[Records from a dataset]
▬▬▬

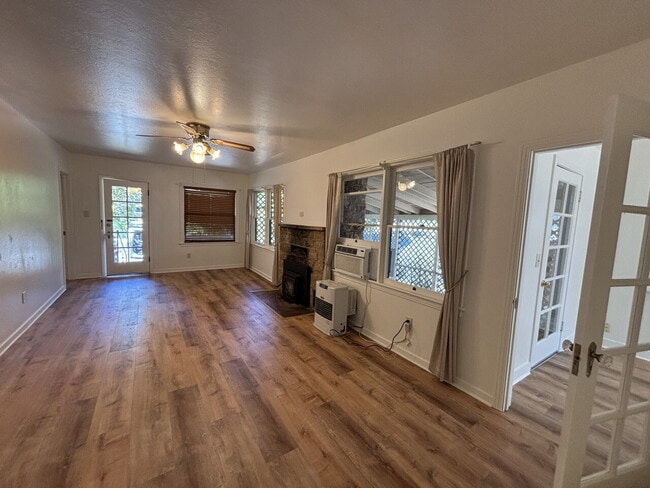 Photo - Adorable vintage 2-bed home on a quiet side street close to downtown Placerville!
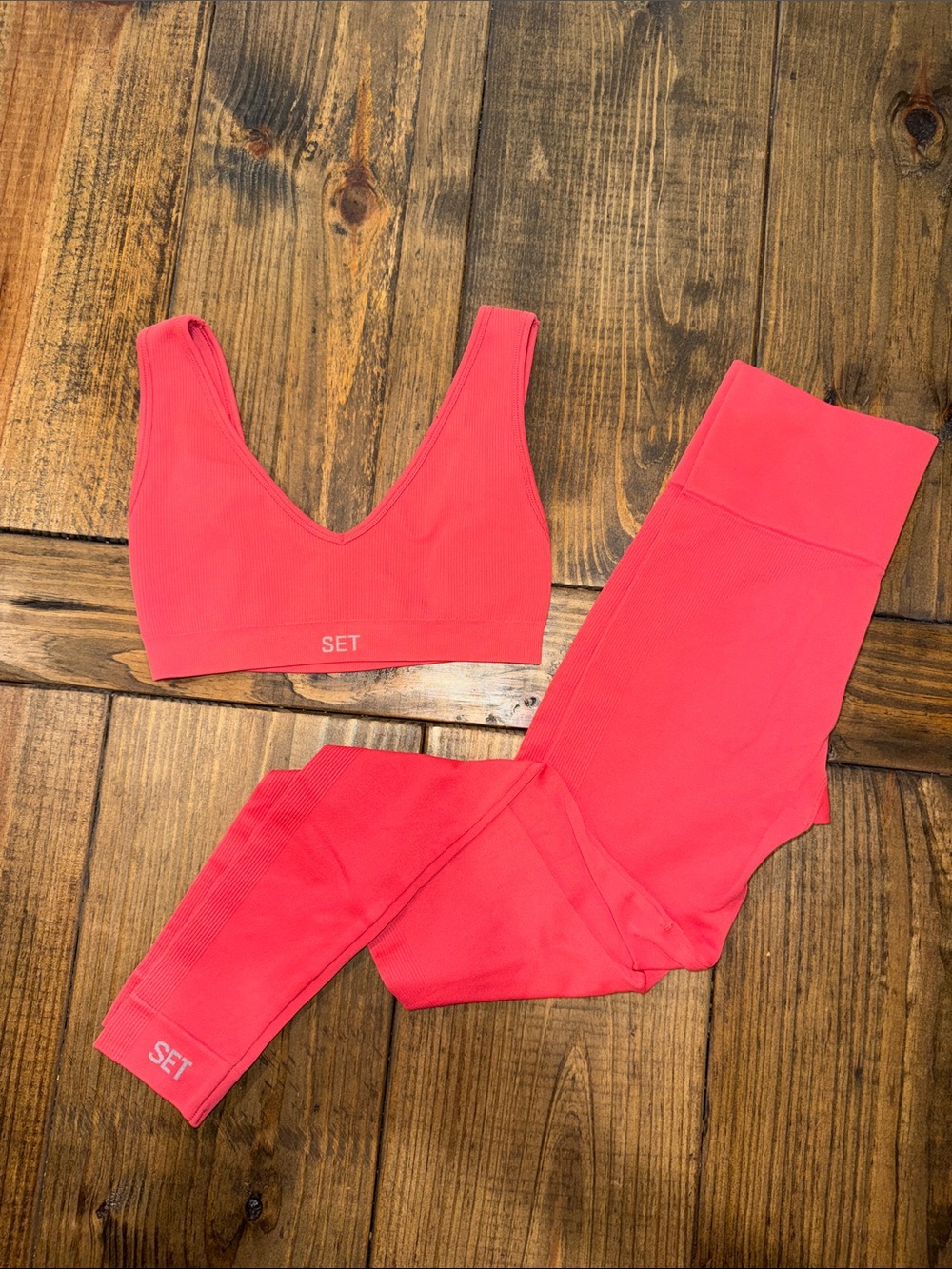 SET Active matching Leggings & Sports Bra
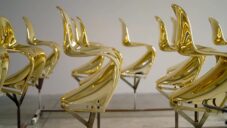 Vitra natočila krátké video o výrobě limitované edice židle Panton Chair ve zlaté barvě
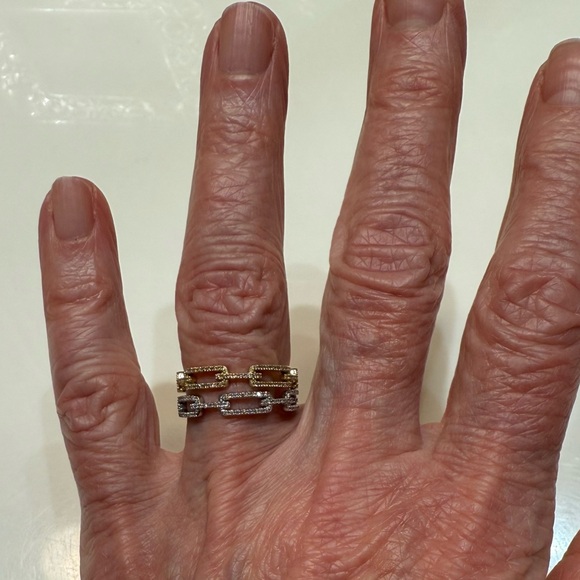 Beautiful 14k White Gold Diamond Chain Link Ring - Picture 8 of 10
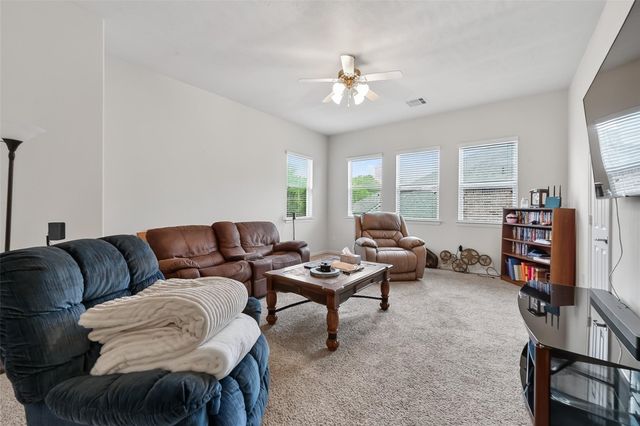 13859 Shoreline Drive, Willis, TX 77318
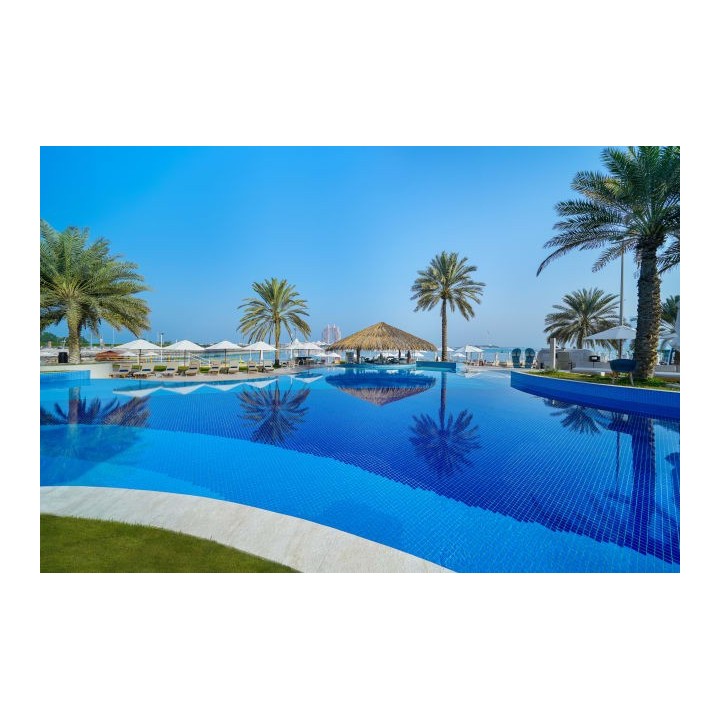 Radisson Blu Hotel & Resort Abu Dhabi Corniche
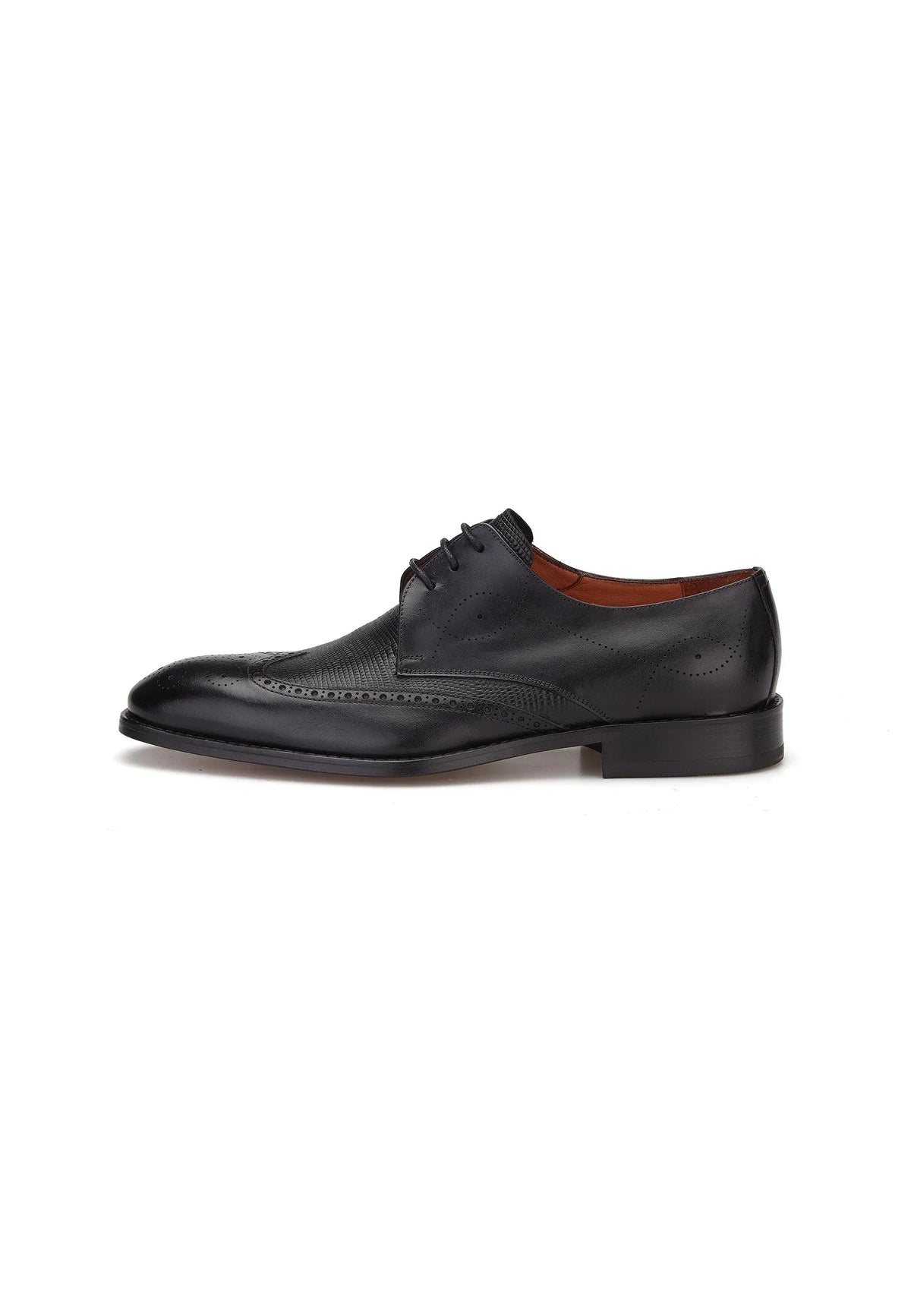 Seitliche Ansicht der handgefertigten Business-Schuhe mit 3 cm Absatz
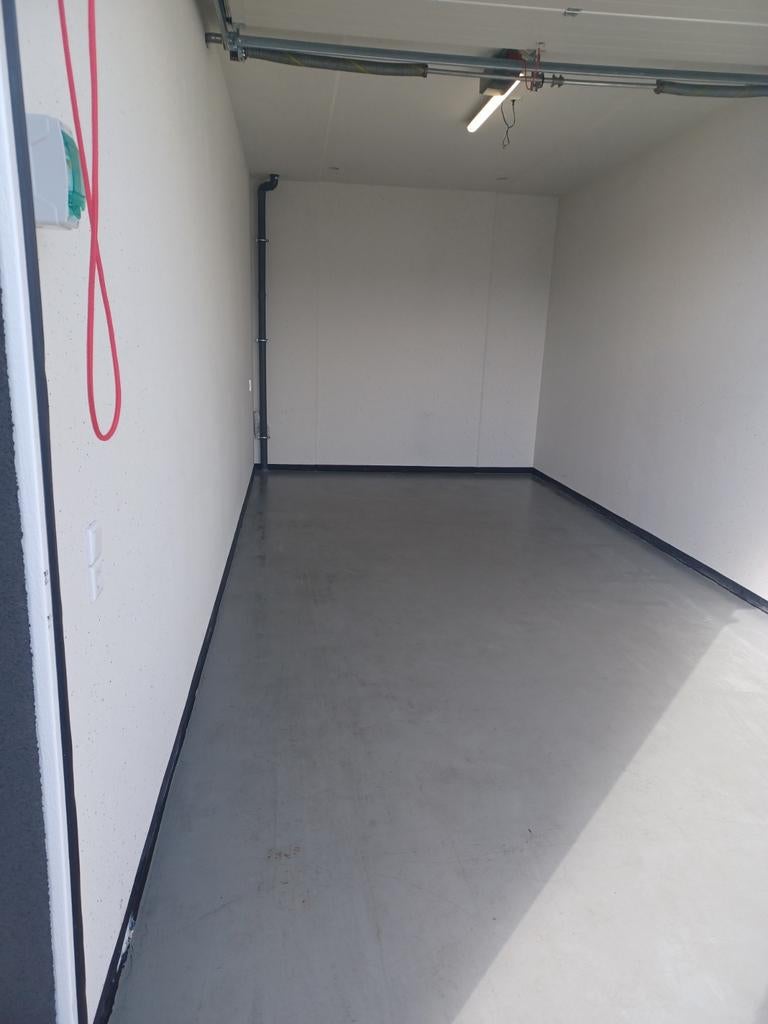 garage/opslag/bedrijfs unit te huur Breda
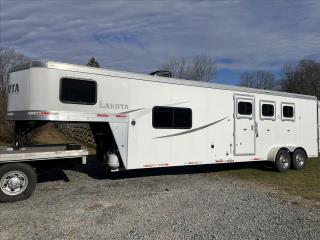 Used Horse Trailer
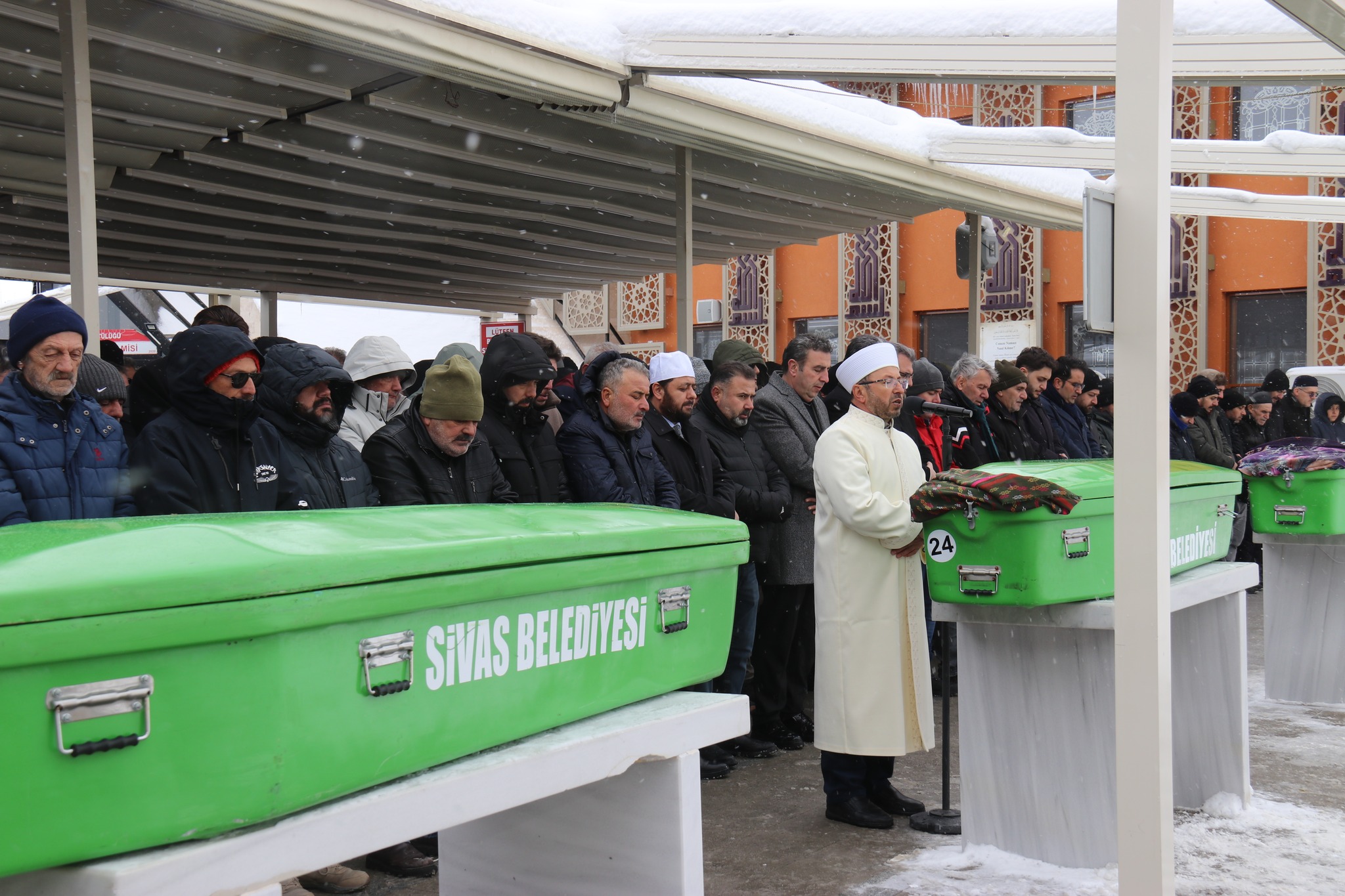 Başkan Akgül’ün annesi toprağa verildi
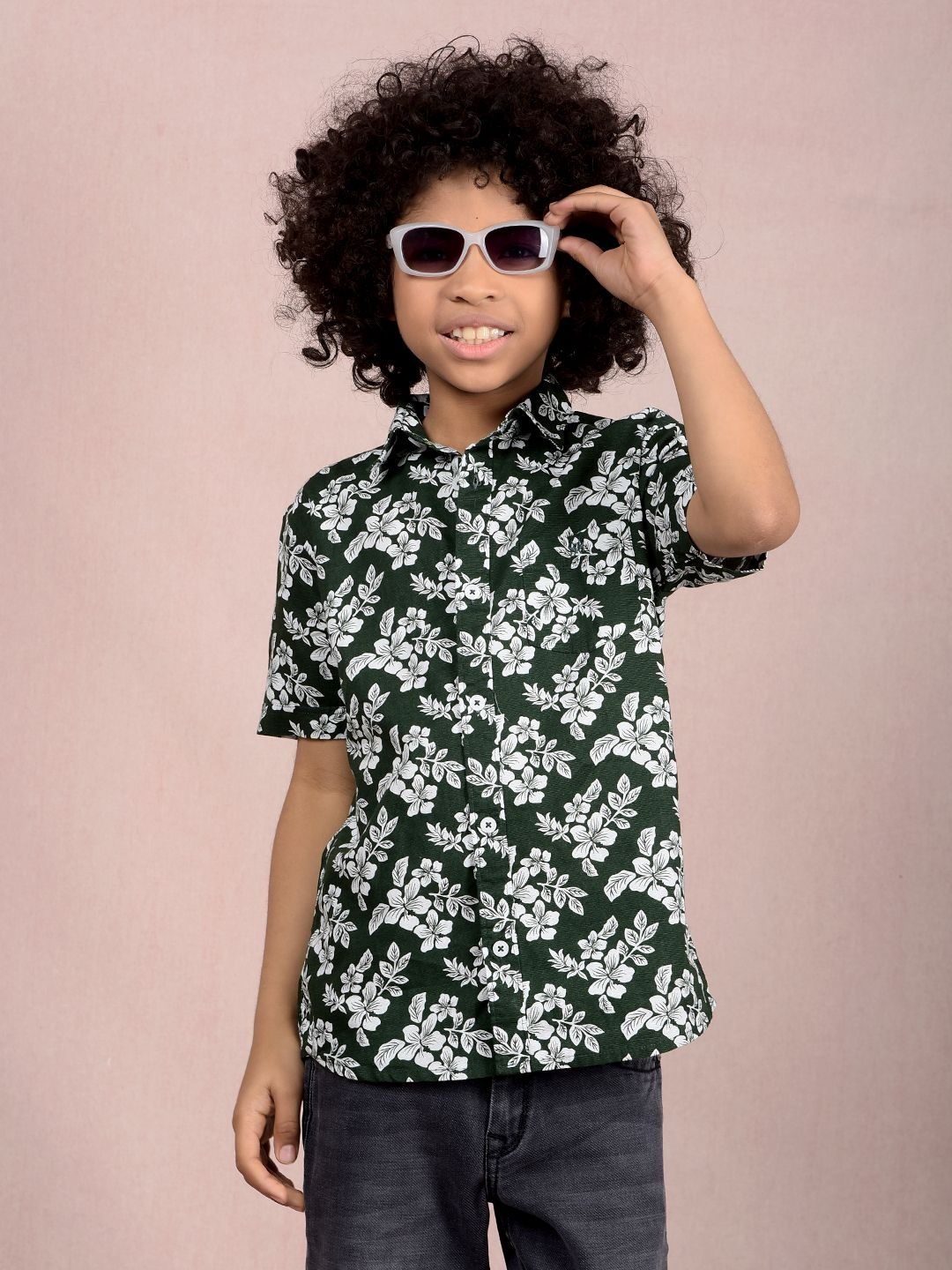 

Crimsoune Club Boys Classic Slim Fit Floral Opaque Casual Shirt, Green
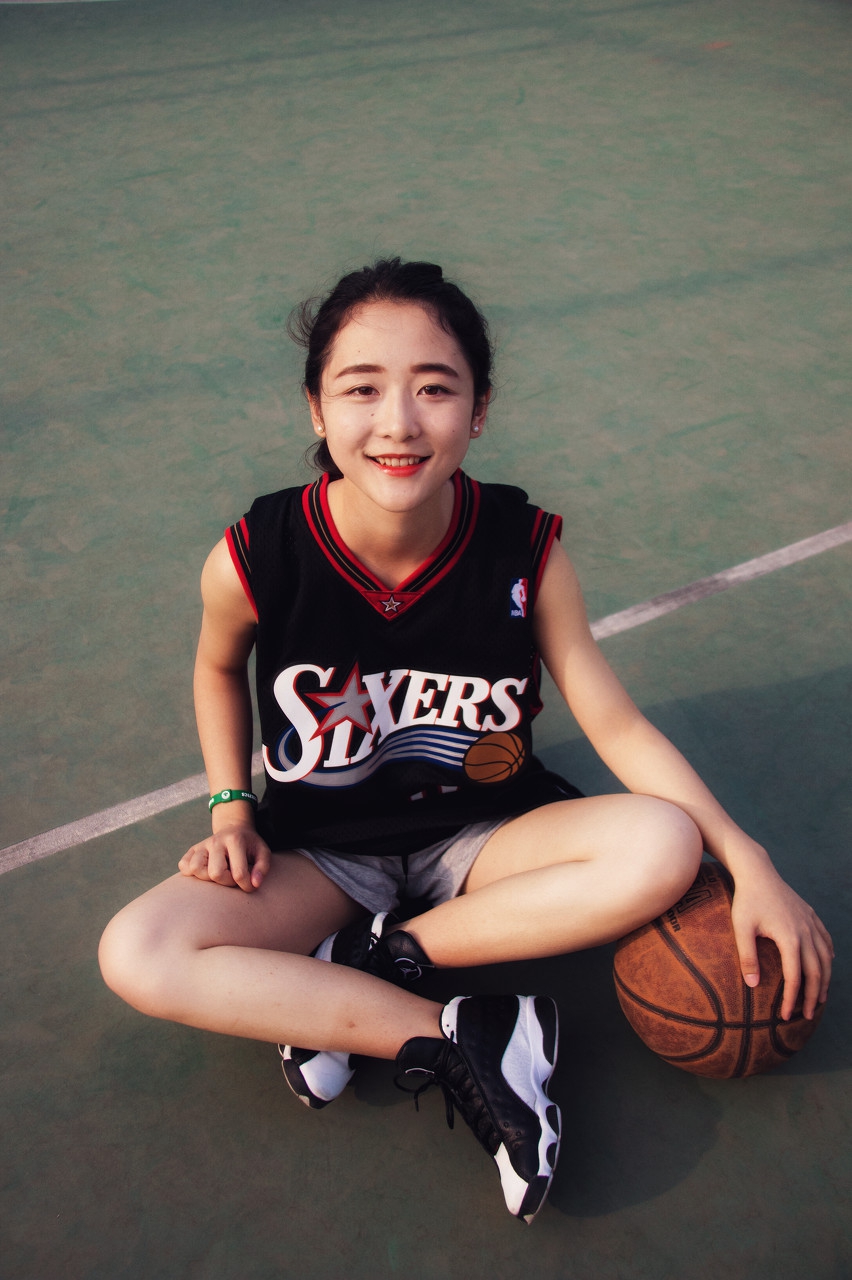 穿nba球衣的清纯女生,哪一张美到你了?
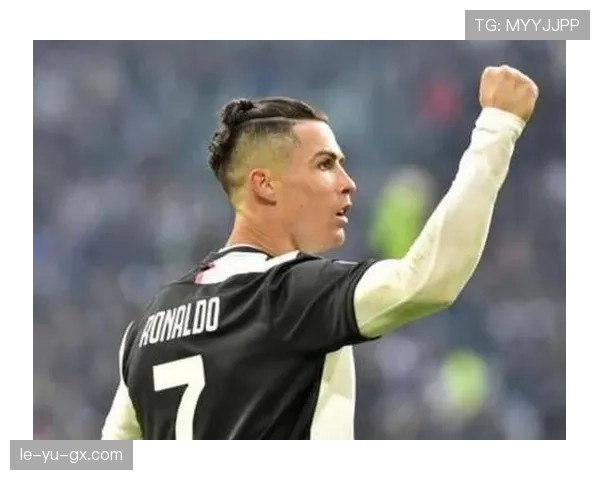 Rodrygo场外生活揭秘：自律习惯与积极理念如何塑造皇马新星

▬▬▬

## What to do
Set down exactly, and only, the lines from the one holding "Crimsoune Club Boys" to the end of the records above, leaving every picture out.

## Written reply
Crimsoune Club Boys Classic Slim Fit Floral Opaque Casual Shirt, Green
 穿nba球衣的清纯女生,哪一张美到你了?
 Rodrygo场外生活揭秘：自律习惯与积极理念如何塑造皇马新星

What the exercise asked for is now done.